One of America's most celebrated creations, the blues grew out of an African-American experience rife with poverty and oppression. Bluesman, the excellent and tragic graphic novel by writer Rob Vollmar and Spanish artist Pablo G. Callejo, vividly captures that passage from pain to redemptive beauty.
It tells the story of the fictional Lem Taylor and Ironwood Malcott, a pair of early 20th-century bluesmen wandering Arkansas' cornfields in search of backwoods juke joints, pliant women and their next meal. With the same haunting writing and earthy, woodcut-style drawing that gave depth to their Depression-era graphic novel Castaways, Vollmer and Callejo bring Lem and Ironwood's ragged journey and the music's dark joy wrenchingly to life (read an excerpt).

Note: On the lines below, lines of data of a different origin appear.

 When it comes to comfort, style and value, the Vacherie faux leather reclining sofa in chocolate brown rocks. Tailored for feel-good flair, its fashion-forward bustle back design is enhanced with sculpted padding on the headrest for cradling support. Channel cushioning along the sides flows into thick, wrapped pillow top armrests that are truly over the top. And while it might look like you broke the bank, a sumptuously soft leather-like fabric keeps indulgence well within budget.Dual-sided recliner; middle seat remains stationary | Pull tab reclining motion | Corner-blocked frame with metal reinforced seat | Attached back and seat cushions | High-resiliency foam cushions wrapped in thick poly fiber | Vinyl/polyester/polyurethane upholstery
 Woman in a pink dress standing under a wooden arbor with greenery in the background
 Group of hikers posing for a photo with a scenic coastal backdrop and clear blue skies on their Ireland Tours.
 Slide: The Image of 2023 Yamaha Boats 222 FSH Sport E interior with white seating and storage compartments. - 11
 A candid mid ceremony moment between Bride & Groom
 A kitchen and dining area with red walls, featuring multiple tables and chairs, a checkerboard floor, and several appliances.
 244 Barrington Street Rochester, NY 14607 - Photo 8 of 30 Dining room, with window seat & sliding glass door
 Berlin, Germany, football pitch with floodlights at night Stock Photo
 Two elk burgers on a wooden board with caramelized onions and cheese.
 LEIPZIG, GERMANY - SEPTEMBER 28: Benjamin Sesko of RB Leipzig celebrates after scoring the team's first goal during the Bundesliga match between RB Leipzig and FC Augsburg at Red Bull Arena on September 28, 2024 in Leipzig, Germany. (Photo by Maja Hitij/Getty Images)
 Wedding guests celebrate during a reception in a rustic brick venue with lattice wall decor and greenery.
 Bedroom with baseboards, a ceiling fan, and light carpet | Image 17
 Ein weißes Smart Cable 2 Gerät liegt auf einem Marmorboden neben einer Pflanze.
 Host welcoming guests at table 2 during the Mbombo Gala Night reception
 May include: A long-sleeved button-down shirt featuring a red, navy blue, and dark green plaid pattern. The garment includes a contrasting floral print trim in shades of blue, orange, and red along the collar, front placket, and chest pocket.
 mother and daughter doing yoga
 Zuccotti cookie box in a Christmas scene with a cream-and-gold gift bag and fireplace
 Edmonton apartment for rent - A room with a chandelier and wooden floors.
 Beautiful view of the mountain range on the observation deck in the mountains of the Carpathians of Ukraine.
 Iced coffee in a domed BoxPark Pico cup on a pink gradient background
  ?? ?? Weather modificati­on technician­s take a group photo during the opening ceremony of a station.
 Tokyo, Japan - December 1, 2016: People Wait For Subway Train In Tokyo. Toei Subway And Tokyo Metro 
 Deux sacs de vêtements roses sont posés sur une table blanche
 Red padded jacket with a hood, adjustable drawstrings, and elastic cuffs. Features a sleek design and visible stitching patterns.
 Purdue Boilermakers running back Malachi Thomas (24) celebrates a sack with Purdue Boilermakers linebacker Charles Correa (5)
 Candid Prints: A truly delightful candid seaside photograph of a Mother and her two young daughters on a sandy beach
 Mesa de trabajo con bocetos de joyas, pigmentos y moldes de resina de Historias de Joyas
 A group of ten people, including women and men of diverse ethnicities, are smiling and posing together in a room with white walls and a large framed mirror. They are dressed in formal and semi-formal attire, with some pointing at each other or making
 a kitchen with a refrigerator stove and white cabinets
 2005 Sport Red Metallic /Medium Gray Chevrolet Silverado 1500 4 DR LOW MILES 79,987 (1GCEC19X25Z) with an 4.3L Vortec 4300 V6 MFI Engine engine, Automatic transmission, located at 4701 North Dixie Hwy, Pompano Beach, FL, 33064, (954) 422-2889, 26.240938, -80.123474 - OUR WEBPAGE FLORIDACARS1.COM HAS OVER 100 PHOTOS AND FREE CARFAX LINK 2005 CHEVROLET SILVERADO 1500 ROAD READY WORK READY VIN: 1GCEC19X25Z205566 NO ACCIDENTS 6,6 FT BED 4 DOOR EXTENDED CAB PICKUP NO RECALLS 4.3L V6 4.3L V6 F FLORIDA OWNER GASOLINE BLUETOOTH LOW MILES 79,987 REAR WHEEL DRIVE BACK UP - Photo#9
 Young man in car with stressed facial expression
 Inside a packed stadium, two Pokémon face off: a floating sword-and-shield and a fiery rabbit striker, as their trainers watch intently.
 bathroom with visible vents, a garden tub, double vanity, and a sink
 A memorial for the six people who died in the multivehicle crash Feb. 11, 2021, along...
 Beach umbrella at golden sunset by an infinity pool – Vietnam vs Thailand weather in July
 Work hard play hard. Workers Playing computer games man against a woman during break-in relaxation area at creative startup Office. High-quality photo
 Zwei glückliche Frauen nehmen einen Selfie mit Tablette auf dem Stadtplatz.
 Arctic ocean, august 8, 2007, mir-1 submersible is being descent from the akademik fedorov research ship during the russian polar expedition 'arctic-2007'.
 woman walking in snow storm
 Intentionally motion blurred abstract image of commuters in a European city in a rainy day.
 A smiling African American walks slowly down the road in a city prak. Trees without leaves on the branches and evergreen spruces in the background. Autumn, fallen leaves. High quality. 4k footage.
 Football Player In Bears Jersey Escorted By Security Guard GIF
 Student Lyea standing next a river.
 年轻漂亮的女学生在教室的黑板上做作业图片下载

Lem, born to a God-fearing father, is torn between his art and his desire for a morally upright life. "You sing like an angel, play that guitar like the devil," says the beautiful temptress Tarene, the kept woman who belongs to the local white landlord's good-for-nothing son. Inevitably, Lem pays the price for his wayward choices. Falsely accused of murder, he flees a lynch mob and the law after being framed by the very man who once offered him the dream of a record deal.
This is a blunt and upsetting book that uses racial epithets and unflinching scenes of violence and death to illuminate a brutal time in our history. But Lem's trying journey is one of spiritual renewal, too. With almost biblical resonance, his struggle leads to the redemption of both his art and his soul. Bluesman, in the end, is a cathartic ghost story. Is there a better description of the blues?